But why are straight men afraid of being around gay men while straight women aren’t afraid of being around gay women? You said men are worried someone might think they’re gay – why aren’t women worried about that?
My feeling has always been that it’s tied to sexism, or more specifically, the belief that women are inferior. Many people seem to think that gay men are “less than” real men, and are “like women”. So, I think that’s at least a big part of men’s fear, and why it wouldn’t apply similarly to women. Men are afraid of being compared to the lower rung of women.
What are your thoughts on that?
Why are women more comfortable around gay women? Because gay women are no longer the competition for a man! It really isn’t that deep.
Well, by the same logic, then, a straight man shouldn’t be uncomfortable around a gay man, because the gay man isn’t competition for women…
I would never attempt to speak for men.
lorac, I think you raise some interesting points. I’d like to point out that my observations of other men, as a man myself, are presented only as my impressions, and as I stated in the prologue, “intended for humor and personal reflection.” Not as the absolute truth.

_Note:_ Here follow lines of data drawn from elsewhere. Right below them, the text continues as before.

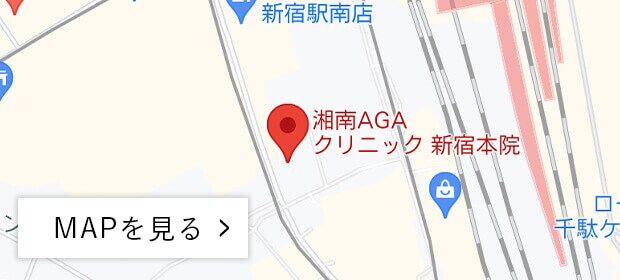 湘南AGAクリニック 新宿本院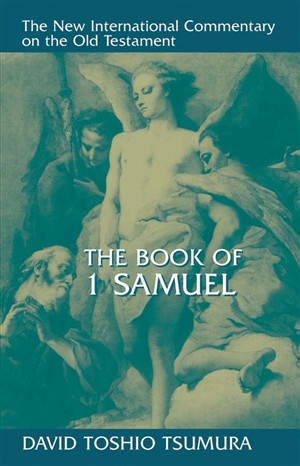 Image of 1 Samuel : New International Commentary on the Old Testament other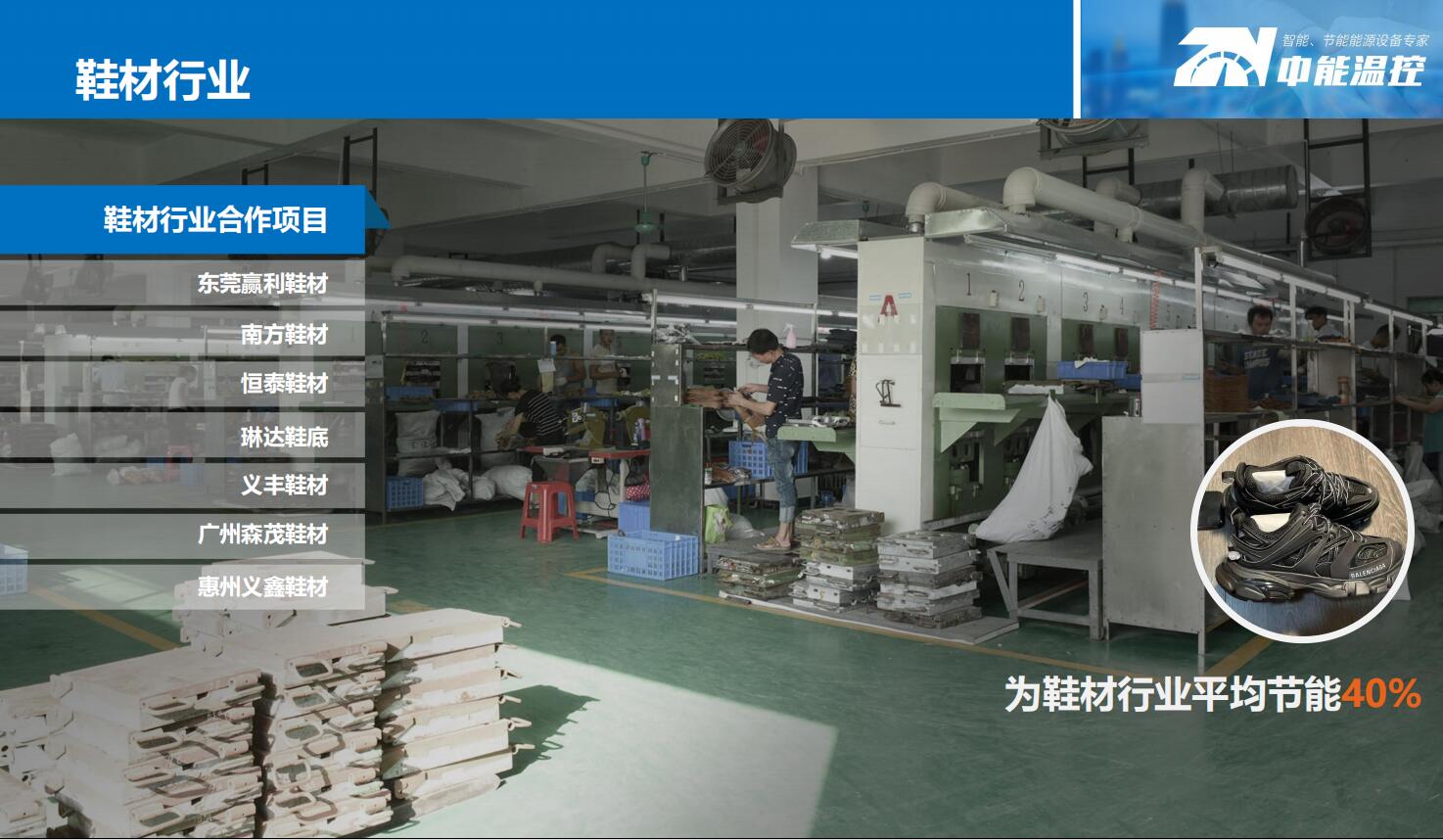 鞋材厂专用模温机买什么牌子(图1) QQ截图20221118163932.jpg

I don’t disagree that that most men think of women and homosexuals as less than men. But it’s equally true that most men are less than women.
I’m kind of playing with the semantics, but I believe most women would insult another woman by saying something like she looks masculine, she walks like a lumberjack, she has a mustache… in all cases meaning she is less than a real woman. That’s the worst insult there is for most women, in my estimation.
The same applies to men. To insult a man, disparage his masculinity, imply that he is not a real man, or call him a sissy.
It seems to me, the insult is in the de-sexing, either way. It doesn’t mean one is “better” than the other, in my opinion.
But as I said, you raise a valid point, and I’m sure there are many macho guys who feel exactly as you suggested. But I don’t think they are the majority of men, and I’m not sure if it plays a role in homophobia. It doesn’t seem that way to me, but I can imagine other, less sophisticated men feeling that way. Good point.
There is truth to that about insults that women would use to demean another woman. Fat and ugly would be another tact that women would use against women.
Personally, I would rid the language of bitch.
“but I believe most women would insult another woman by saying something like she looks masculine, she walks like a lumberjack, she has a mustache… in all cases meaning she is less than a real woman. ”
I’ve actually never heard women insult each other that way, to be honest. They may insult each other, but not by saying they’re like men. This is probably due to men being “higher” in society, so it’s less likely someone would insult another person by saying they’re like the “superior class”. I really haven’t found there is a parallel between men and women – men demean each other by suggesting the other is like women, but not the other way around.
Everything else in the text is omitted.